━━━ Data shown
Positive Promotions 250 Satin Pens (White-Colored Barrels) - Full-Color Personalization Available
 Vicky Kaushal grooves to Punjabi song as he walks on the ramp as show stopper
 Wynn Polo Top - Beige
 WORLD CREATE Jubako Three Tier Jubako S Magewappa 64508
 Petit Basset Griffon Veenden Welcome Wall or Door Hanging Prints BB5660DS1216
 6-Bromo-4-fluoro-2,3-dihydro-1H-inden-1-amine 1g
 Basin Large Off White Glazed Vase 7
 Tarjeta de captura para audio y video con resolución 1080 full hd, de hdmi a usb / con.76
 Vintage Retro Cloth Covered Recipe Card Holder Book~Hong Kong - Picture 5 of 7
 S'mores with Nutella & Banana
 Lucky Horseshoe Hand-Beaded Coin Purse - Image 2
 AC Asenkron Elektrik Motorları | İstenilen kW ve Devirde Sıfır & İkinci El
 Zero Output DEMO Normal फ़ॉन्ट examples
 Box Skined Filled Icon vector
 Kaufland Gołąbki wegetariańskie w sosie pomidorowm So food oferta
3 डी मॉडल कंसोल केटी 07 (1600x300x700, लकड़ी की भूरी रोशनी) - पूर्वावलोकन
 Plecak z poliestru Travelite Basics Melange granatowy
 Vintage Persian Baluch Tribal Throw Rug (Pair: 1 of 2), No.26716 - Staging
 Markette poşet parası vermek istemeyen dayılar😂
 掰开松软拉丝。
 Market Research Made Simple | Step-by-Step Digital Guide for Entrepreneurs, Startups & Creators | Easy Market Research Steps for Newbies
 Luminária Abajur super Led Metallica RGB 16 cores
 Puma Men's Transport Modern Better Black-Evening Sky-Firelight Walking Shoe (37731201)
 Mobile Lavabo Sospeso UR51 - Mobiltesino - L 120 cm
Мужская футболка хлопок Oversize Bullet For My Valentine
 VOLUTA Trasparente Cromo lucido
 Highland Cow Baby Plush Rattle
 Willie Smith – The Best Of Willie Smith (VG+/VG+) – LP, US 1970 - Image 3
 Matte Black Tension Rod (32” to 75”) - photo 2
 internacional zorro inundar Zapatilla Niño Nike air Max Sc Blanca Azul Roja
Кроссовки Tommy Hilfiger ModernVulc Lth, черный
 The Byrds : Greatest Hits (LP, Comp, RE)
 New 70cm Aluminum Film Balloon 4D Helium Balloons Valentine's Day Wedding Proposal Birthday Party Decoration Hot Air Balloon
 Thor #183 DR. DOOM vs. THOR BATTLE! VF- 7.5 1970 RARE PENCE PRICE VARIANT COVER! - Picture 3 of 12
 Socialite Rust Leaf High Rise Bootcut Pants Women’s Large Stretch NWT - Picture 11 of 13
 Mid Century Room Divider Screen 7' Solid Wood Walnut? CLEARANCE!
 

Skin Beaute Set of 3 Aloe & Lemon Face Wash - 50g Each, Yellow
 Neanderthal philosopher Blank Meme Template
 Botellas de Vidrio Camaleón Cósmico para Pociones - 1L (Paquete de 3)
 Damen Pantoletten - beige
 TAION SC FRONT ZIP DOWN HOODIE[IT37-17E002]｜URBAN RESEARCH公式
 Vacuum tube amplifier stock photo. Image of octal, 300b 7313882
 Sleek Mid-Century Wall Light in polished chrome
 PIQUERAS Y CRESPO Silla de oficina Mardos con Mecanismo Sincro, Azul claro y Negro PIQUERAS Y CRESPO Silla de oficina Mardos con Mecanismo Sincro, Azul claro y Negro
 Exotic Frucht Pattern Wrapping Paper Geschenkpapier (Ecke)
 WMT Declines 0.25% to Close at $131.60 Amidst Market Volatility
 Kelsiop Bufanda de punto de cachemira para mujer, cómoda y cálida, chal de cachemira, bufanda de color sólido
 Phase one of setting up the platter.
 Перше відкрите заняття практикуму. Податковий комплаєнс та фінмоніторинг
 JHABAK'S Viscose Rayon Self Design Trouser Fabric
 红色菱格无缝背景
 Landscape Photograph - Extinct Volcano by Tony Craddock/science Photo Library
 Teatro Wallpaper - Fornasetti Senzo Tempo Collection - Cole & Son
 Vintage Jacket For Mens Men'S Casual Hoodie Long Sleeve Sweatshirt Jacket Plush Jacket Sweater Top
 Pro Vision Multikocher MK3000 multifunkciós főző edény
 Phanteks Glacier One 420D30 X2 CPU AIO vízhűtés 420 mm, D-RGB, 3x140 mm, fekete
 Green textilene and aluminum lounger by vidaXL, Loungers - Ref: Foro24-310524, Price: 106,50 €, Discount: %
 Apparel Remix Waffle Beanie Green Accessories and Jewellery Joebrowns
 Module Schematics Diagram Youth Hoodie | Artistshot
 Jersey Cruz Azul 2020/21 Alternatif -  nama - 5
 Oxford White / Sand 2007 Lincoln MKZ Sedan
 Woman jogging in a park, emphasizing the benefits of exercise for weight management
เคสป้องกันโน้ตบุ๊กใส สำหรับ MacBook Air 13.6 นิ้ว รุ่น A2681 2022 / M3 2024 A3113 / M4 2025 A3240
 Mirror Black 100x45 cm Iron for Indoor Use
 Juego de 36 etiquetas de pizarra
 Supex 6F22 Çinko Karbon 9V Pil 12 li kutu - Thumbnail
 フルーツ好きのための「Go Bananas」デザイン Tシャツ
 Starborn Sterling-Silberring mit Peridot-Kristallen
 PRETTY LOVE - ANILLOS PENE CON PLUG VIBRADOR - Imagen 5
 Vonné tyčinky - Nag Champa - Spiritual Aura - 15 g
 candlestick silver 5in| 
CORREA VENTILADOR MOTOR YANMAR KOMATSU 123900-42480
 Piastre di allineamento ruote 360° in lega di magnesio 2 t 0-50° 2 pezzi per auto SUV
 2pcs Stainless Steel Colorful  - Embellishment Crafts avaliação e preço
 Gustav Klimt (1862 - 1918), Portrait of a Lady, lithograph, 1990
━━━━━━
● Exercise brief: Gather each line of the records holding the string "Plush".

● Answer to this problem:
 Highland Cow Baby Plush Rattle
 Vintage Jacket For Mens Men'S Casual Hoodie Long Sleeve Sweatshirt Jacket Plush Jacket Sweater Top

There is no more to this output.